Human capital or signaling? No, doing the Right Thing!

Tuesday, May 6th, 2014

Bryan Caplan has argued that students’ actions — not sitting in for free on classes and rejoicing at class cancellations — suggest a belief in the signaling model of education, rather than the human capital model.

Vipul Naik says, no, it’s about doing the Right Thing:

I don’t think they usually think of it as “education is useless, but I’ll go through it anyway because that allows me to signal to potential employers that I have the necessary intelligence and personality traits to succeed on the job.” Instead, I believe that people’s model of school education is linked to the idea of karma: they do what the System wants them to do, because that’s their duty and the Right Thing to do. Many of them also expect that if they do the Right Thing, and fulfill their duties well, then the System shall reward them with financial security and a rewarding life. Others may take a more fateful stance, saying that it’s not up to them to judge what the System has in store for them, but they still need to do the Right Thing.

Caplan might call that signaling conformity.


  1. CMOT says:

    Let’s be honest and call if a Cargo Cult.

  2. Handle says:

    This describes precisely zero percent of the people with whom I’ve spent my very ample time in school. Instead, I see Caplan’s bimodal dichotomy into cynical signaling box-checkers and hoop-jumpers on the one hand, and genuinely passionate lovers of learning and the life of the mind on the other.

    You see the same thing in the world of work. There are the time-servers who are doing the minimum it takes to squeak by, cutting corners where they can, celebrating unexpected days off, counting the days until retirement, etc. And then there are the go-getters who may not really care about their vocation, but are trying to brown-nose, make a good impression, get the promotion, etc. in order to get money and status but who, if they won the lottery tomorrow, would immediately quit. And finally there are the folks who truly love their profession and can’t believe their luck that they get paid to do what they do, which they would do for subsistence wages, and which would also be their hobby. Indeed, they keep right on doing it until they either die or are forced into retirement.

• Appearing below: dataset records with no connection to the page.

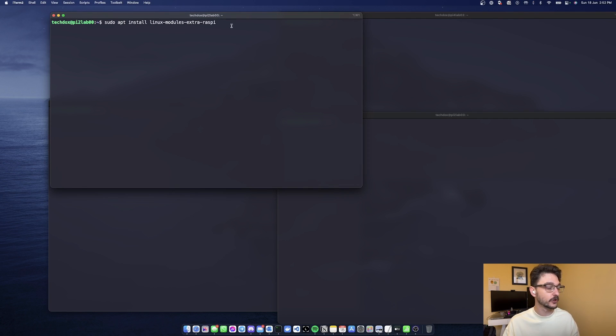Also, if you have an issue trying to get Docker set up on your Raspberry Pis, you might need the linux-modules-extra-raspi package. I needed this module for the networking and whatnot to actually work — for Docker to work on my Raspberry Pis. So if you get issues and errors trying to use Docker, you might need this. I'll have it in the description.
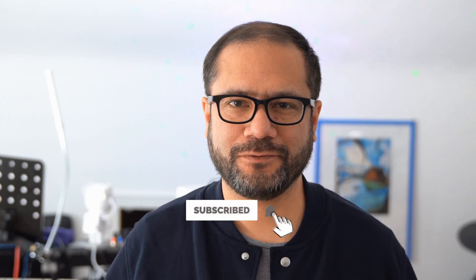Thank you. See you again very, very soon. Bye-bye.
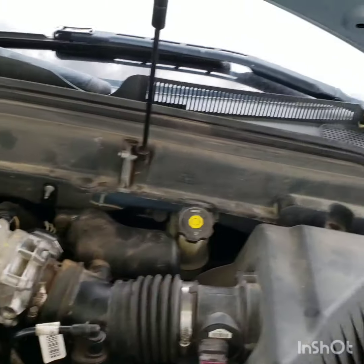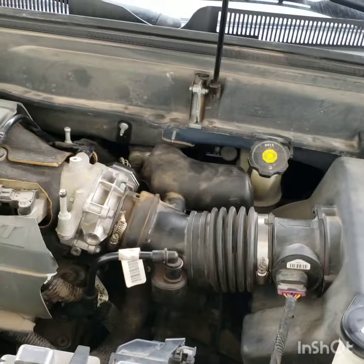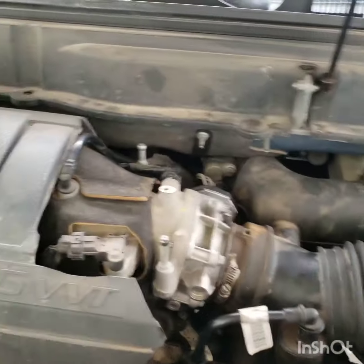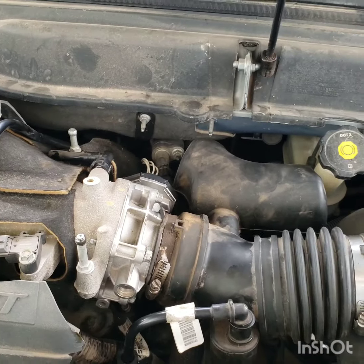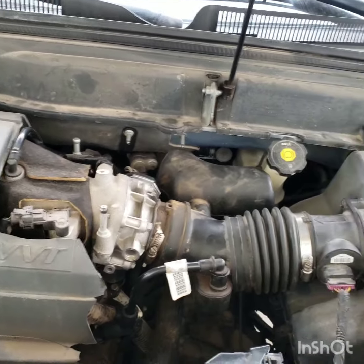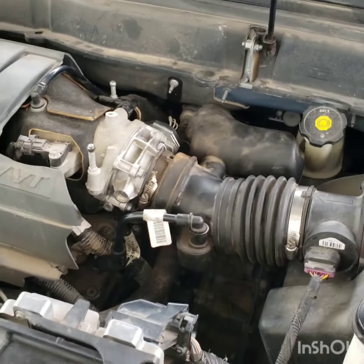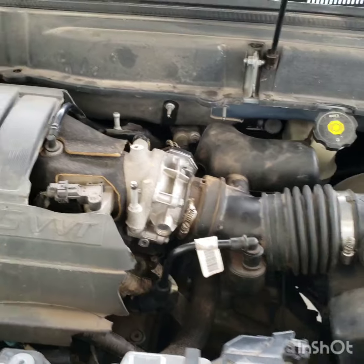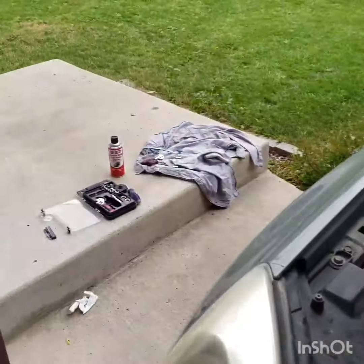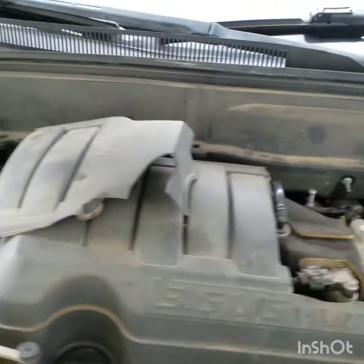Four thousand dollars — I said no way. So I did my research and it looks like if we clean the throttle body and the air duct it might fix the problem. That's what I'm going to do today — take it apart, clean it up, put it back on, and see if we can fix it and save four thousand dollars with a five dollar throttle body cleaner.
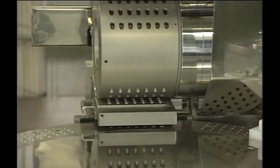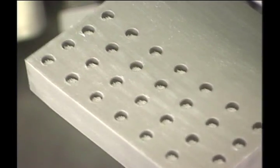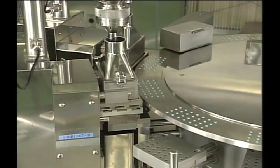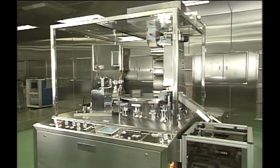The LiqFill Super 80 was developed based on our flexible ideas and reliable technology. In compliance with current needs, QualiCaps will always continue to develop more advanced machines. Thank you.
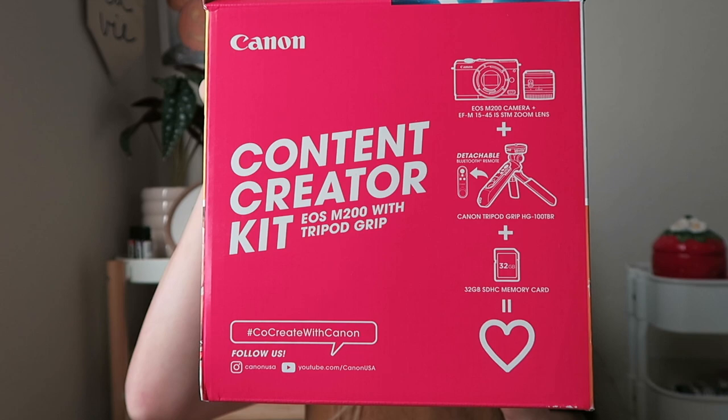I got the Canon EOS M200, and it looks like this. I'm currently filming on a Canon G7X, the original one on the auto setting. But I purchased the content creator box — you can go ahead and pause to read everything that it comes with.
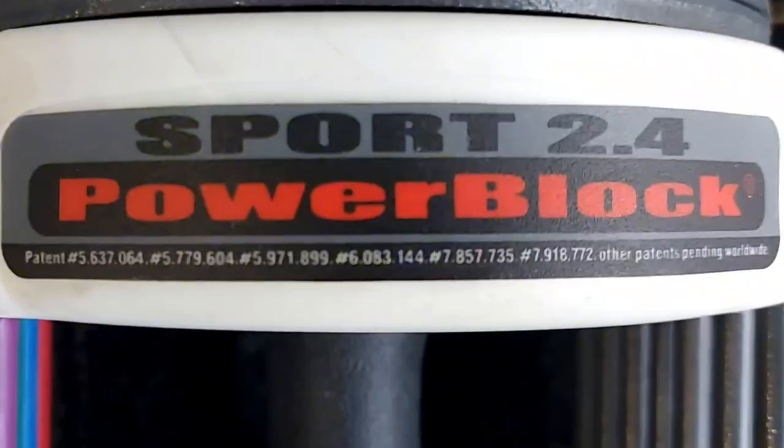This is the PowerBlock 24 adjustable dumbbell set. I've had these for over two years now and here's what I think of them.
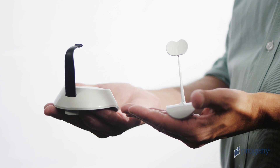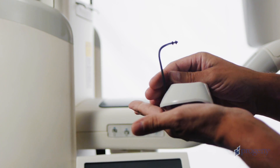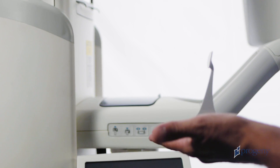The patient positioners and sanitary bite pieces are stored in a compartment on the positioning table. There are two different types of positioners: a bite piece and chin rest for panoramic exams, and a TMJ positioner.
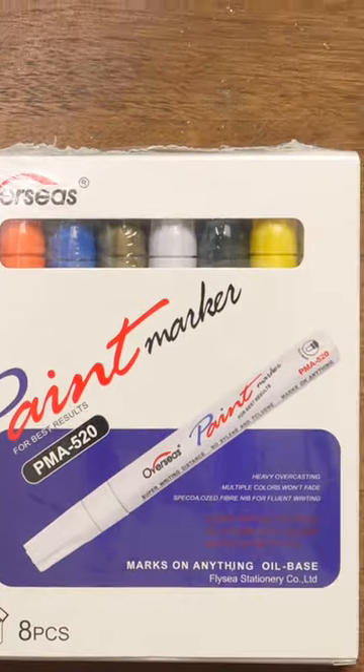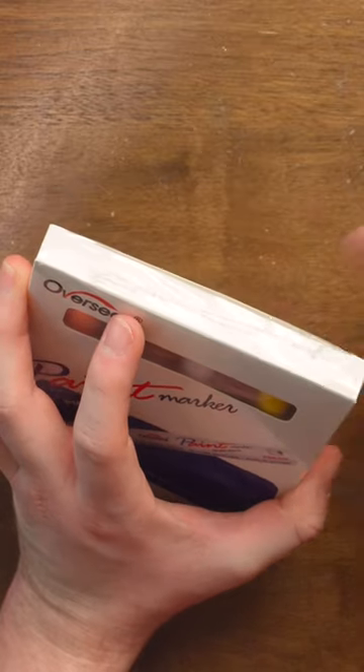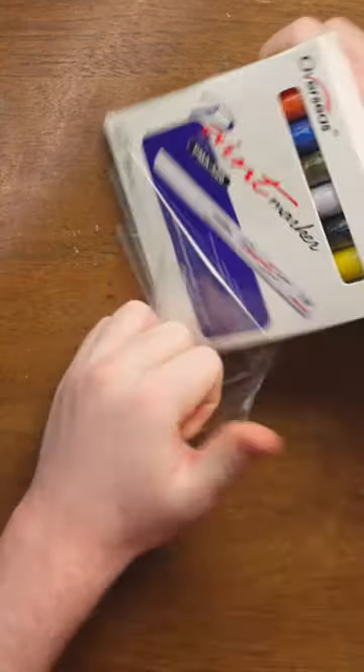These pens aren't normal — they're paint pens. They mark on anything. Pins, markers, it's all the same to me. Is there a difference? They're still kind of pens.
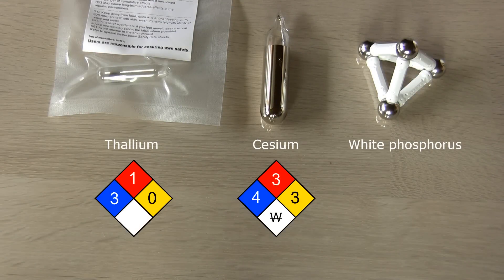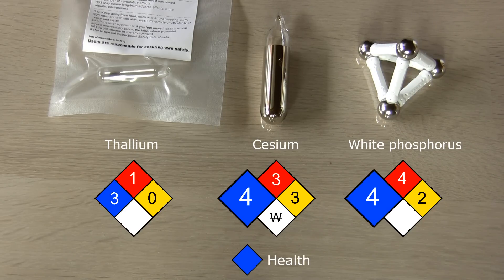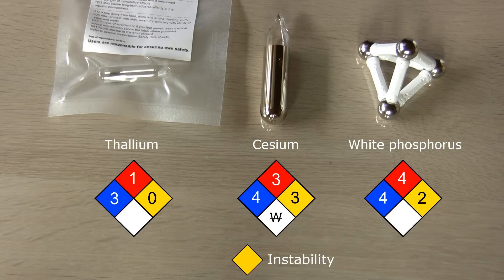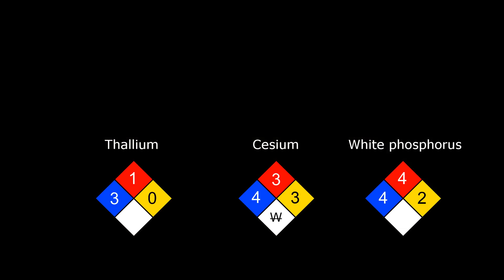This clearly is a dangerous element, but actually it is debatable whether this is my most dangerous element sample. Here are the fire diamonds for thallium, cesium, and white phosphorus. 4 is the worst, 0 is no problem. Both cesium and white phosphorus max out in the blue square which is about health, so even very short exposure to these two is really bad. In the red square about flammability, white phosphorus also maxes out because it is pyrophoric. In my opinion cesium should also max out here because it will ignite in moist air — I'm not sure about the score of 3 here. Cesium scores the highest of these three in the yellow square about instability because it reacts explosively with water and generally is the most reactive metal. So looking at the fire diamond alone, cesium seems at least as dangerous as white phosphorus. Do you agree?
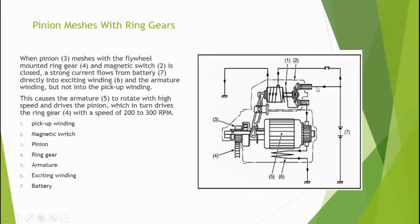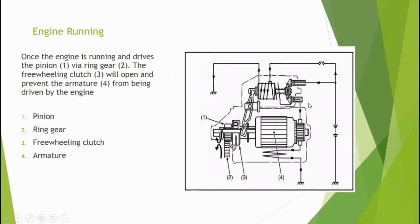Current is not flowing to the pickup winding — it only flows to the exciting winding. Once the engine is running and drives the pinion via the ring gear, the freewheeling clutch will open and prevent the armature from being driven by the engine. When the engine starts running, this freewheeling clutch becomes open and free, and prevents the armature from moving with the engine.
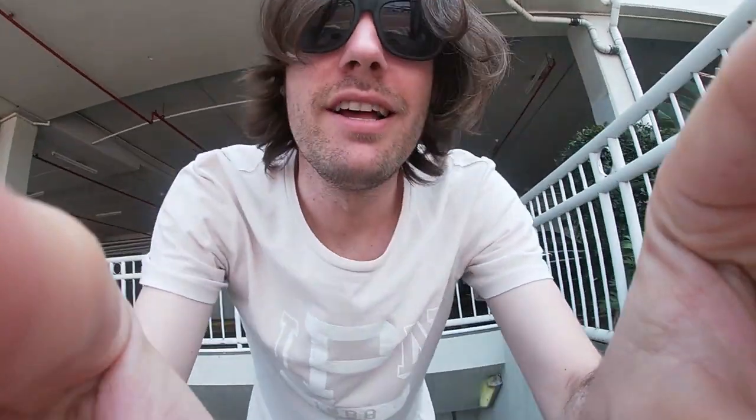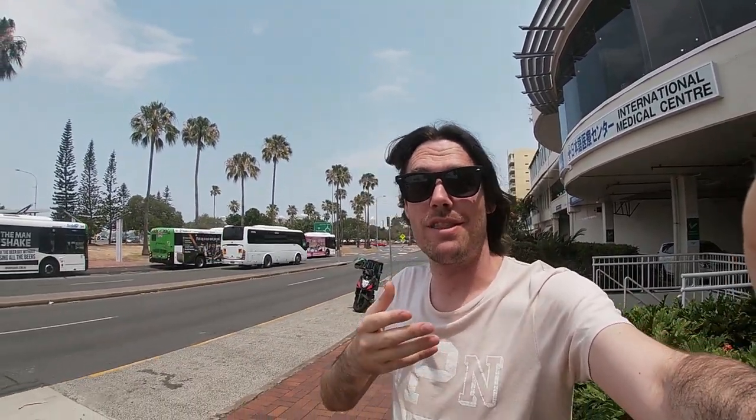The GoPro Silver is much like the white in the sense that it has internal stabilisation. So although that's not as cool as the hyper-smooth that the black comes with, it's still pretty awesome. And not everything in life is stable — work, relationships — but the GoPro always will be.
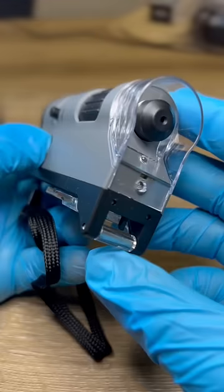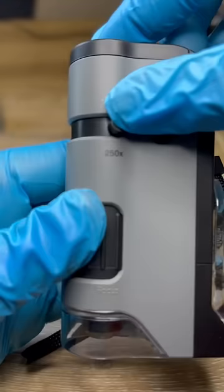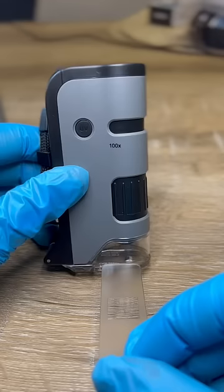It has both regular light and UV light. It has 100x to 250x zoom, which is the optimal viewing range for a water bear. It has easy focus. And my favourite feature — this tiny bench that flips around and lets you put a microscope slide in it.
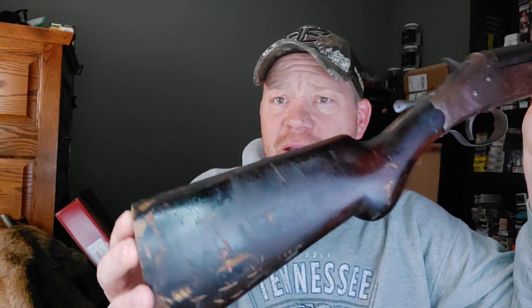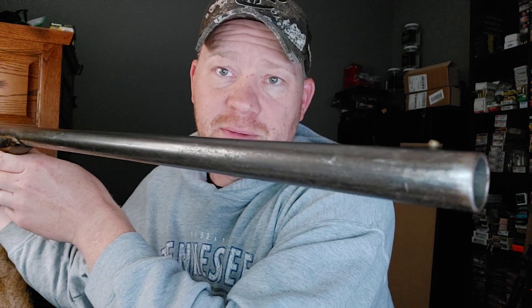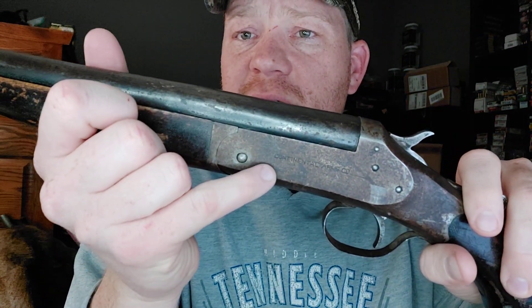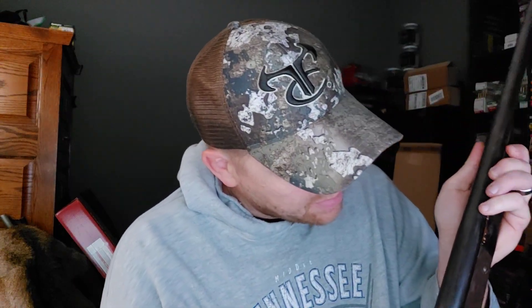Untraceable. No serial numbers. We'll get it in a good light here. It's a little rough around the edges. Check this whole thing out end to end, then I'll tell you all about it. Got the little bead on the end. Right here is one of the stampings, and it says Continental Arms Co. And then there's another stamp right here on the top — it'll be too small for the camera to see it, but it says patented August 12th, 1913.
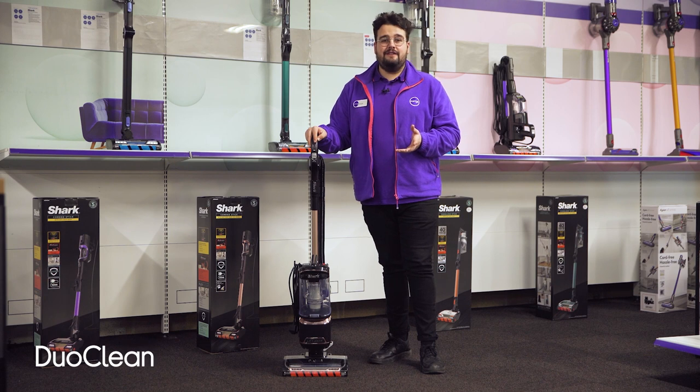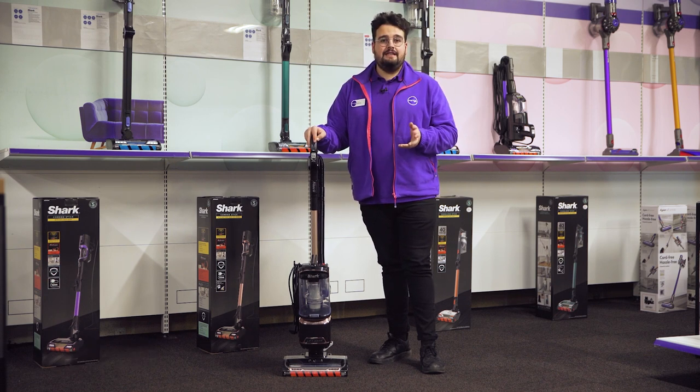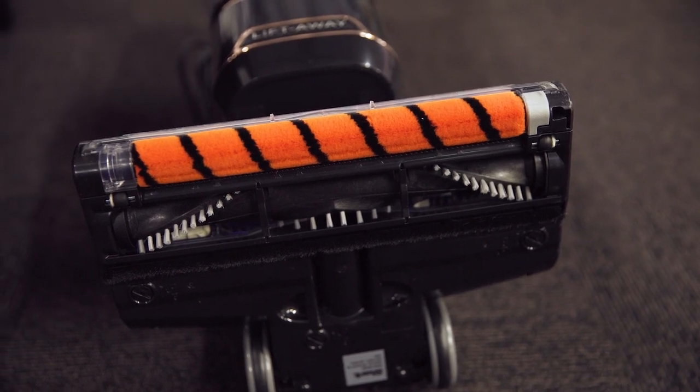Its Duo Clean floor head features two motorised brush rolls which dig deep into carpets to lift dirt and easily sweeps across hard floors to effectively pick up dust and crumbs, so you can enjoy spotless cleaning results on every floor in your home.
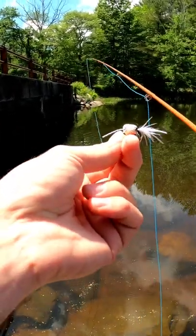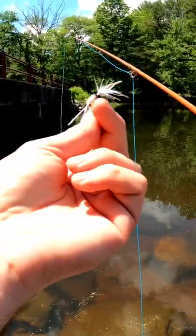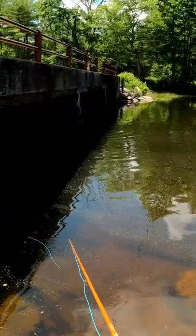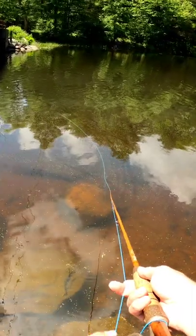Learning how to fly fish for panfish with poppers? Here's a few tips. You don't need a tapered leader as you're not turning over a light fly, so a four to five foot section of mono will do fine.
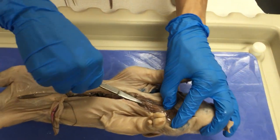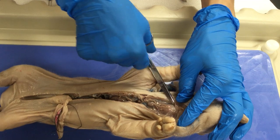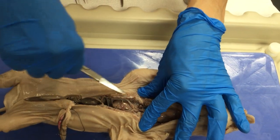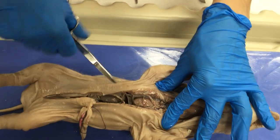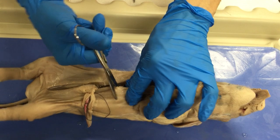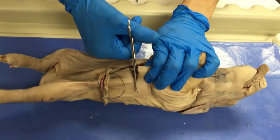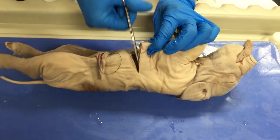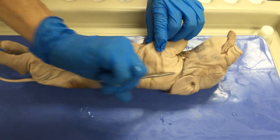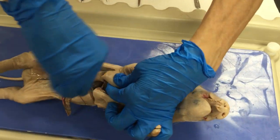Here you can see the trachea and its muscles at the top. This cartilage here is the thyroid cartilage, and here you can see the heart. Now I'm going to go following the edge, the border between the thoracic and the abdominal cavity, just to the sides — up to the edge of the point of attachment of the arm on both sides, left and right, so you can have plenty of room to open this wall.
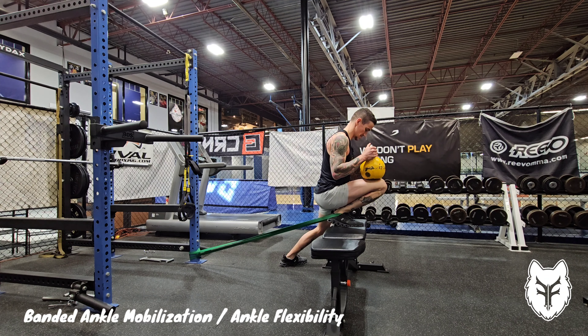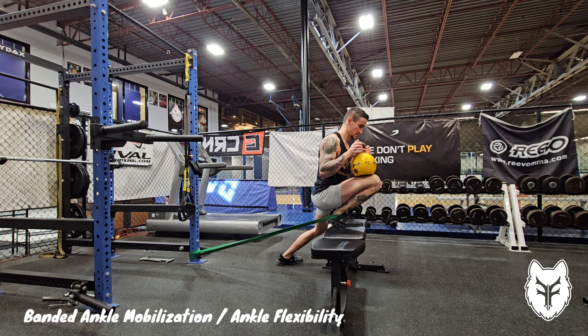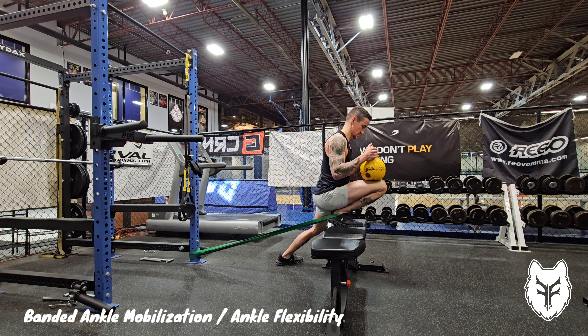To aid in this, here I'm using an 18 kilogram kettlebell, providing a bit of weight, trying to press my heel down and push my knee forward at the same time. You can rock back and forth a little bit, searching out areas of tightness.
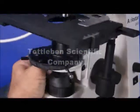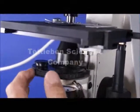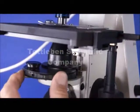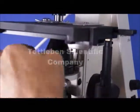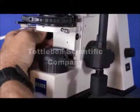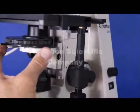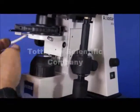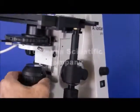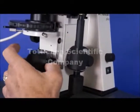Moving down the line there's a phase condenser which is outfitted with four phased positions, bright field and dark field. The condenser is both focusable and centrable, and you can also remove it easily for cleaning and adjusting. This microscope is also equipped with a field coaxial diaphragm so that you can set up for true Kohler illumination.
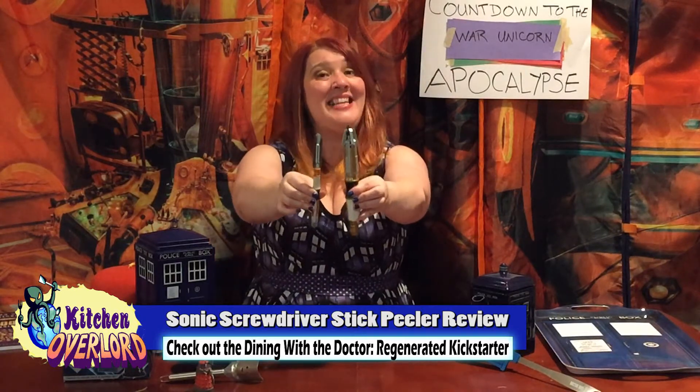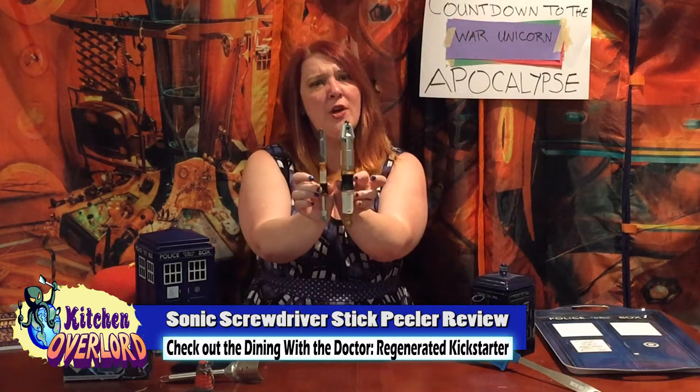All right, I gotta admit, I was pretty excited when I saw the peeler, because that's actually a great idea if you physically look at it compared to a Sonic Screwdriver. It's a good form factor, it actually makes sense when you look at them together, and it's not another damn TARDIS! I really approve of them making things that are not just another blue rectangle. Go you guys!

    Nobody looks at the motivations of the pool of workers and mentions ‘karma’, or ‘doing the right thing’. What a ridiculous and absurd psychological theory. And lots of students look at school as ‘mandatory work’ as an annoying step on the path to doing what they really want to achieve in life, instead of ‘enjoyable self-development’ that is good for its own sake.

  3. Spandrell says:

    Really? This describes me and everyone I knew at college.

    Who is that serious and conscientious to really think about signaling at 18 years old? I sure wasn’t. We went to college because that’s what people do. The signaling thing does come up, but later when you need to rationalize what the hell you’re doing studying all that stuff.

  4. Alrenous says:

    I don’t see how they’re in conflict. What does a cynical Hansonian hypocrite hoop-jumper feel like from the inside? Feels like Doing the Right Thing.

    The proportion that can consciously hoop-jump at that age is about the same as can consciously pursue their passion.

  5. Toddy Cat says:

    I’m not sure about any of this, but I do know that any idea coming from Bryan Caplan has to be assumed false until proven true. The guy is like a compass pointing south. He may be right about this, but that’s not the way to bet. Personally, I went to college to party, to meet girls, and because my parents wanted me to, and I think that I was pretty typical of my generation. Maybe kids today are different.

  6. Handle says:

    What a fascinating variance of experience. Either we have a genuine case of “reality segregation” or we’re interpreting the terms differently, especially “do the right thing” and “signaling”.

  7. T. Greer says:

    Handle’s got it. Change “doing the right thing” to “just following the plan” might be a more accurate way to phrase things. People go to college because that is just what you are expected to do.

  8. Aretae says:

    And by “Caplan might call that signaling conformity,” you mean “Caplan has called that signaling conformity,” right?

    Props to Alrenous for the winning comment.